François Beaufort first spotted the new feature, a part of which is already available in the latest Chromium build. For those who don’t know, Chromium is the open source web browser project that shares much of the same code and features as Google Chrome, and new features are often added there first.
Beaufort recorded a short clip to show how the new feature looks (it currently shows a small indicator on top of the tab favicon):
You can now clearly see when a tab is actually playing audio, although it’s unknown if this will work with plugins (the YouTube player being tested is the HTML5 trial that Google provides, not the Flash version most people use). The aesthetics may still change of course, given that this isn’t yet available in the Chrome Dev channel, and the functionality will likely continue to be expanded.
Here’s the corresponding Chromium issue for this change:
Audio indicator in each tab
Basically a throbber animation that cycles over a number of frames on a bitmap. Currently only 6 frames, which is too little but good enough for testing.

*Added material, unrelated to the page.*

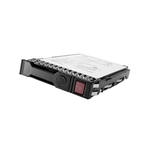 HP HDD, 4TB, SAS, 10000rpm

Note that the tab.cc logic should make it so that the audio indicator is low on the priority. That is, if the tab is recording or broadcasting and playing sounds that should show instead of the audio animation.
Beaufort notes Google says the purpose of this tweak is to exclude these tabs from those it discards when memory runs out. In other words, the company wants to better track of tabs that are “active” – just because the user hasn’t been clicking in a tab doesn’t mean he or she isn’t using it.
This change would presumably also be very useful for instantly recognizing which tab is annoyingly blaring sound when you have countless tabs open. This often happens when you open a slew of tabs at once or you reopen your browser which already had tabs open that were previously playing content.
As someone who often has more tabs open than he has fingers and toes, this is a feature I dearly want to show up in Chrome sooner rather than later.
Update: Great news! After doing some more digging, it turns out this feature is already in the latest Canary build of Google Chrome (not Chromium). Furthermore, it works on Flash sites, confirming support for plugins is actively being developed.
Here’s a screenshot of it in action on the Flash-version of YouTube:
According to Google, Canary is “the most bleeding-edge official version of Chrome and somewhat of a mix between Chrome dev and the Chromium snapshot builds.” While this certainly doesn’t guarantee the feature is coming to Chrome, it does make me even more hopeful.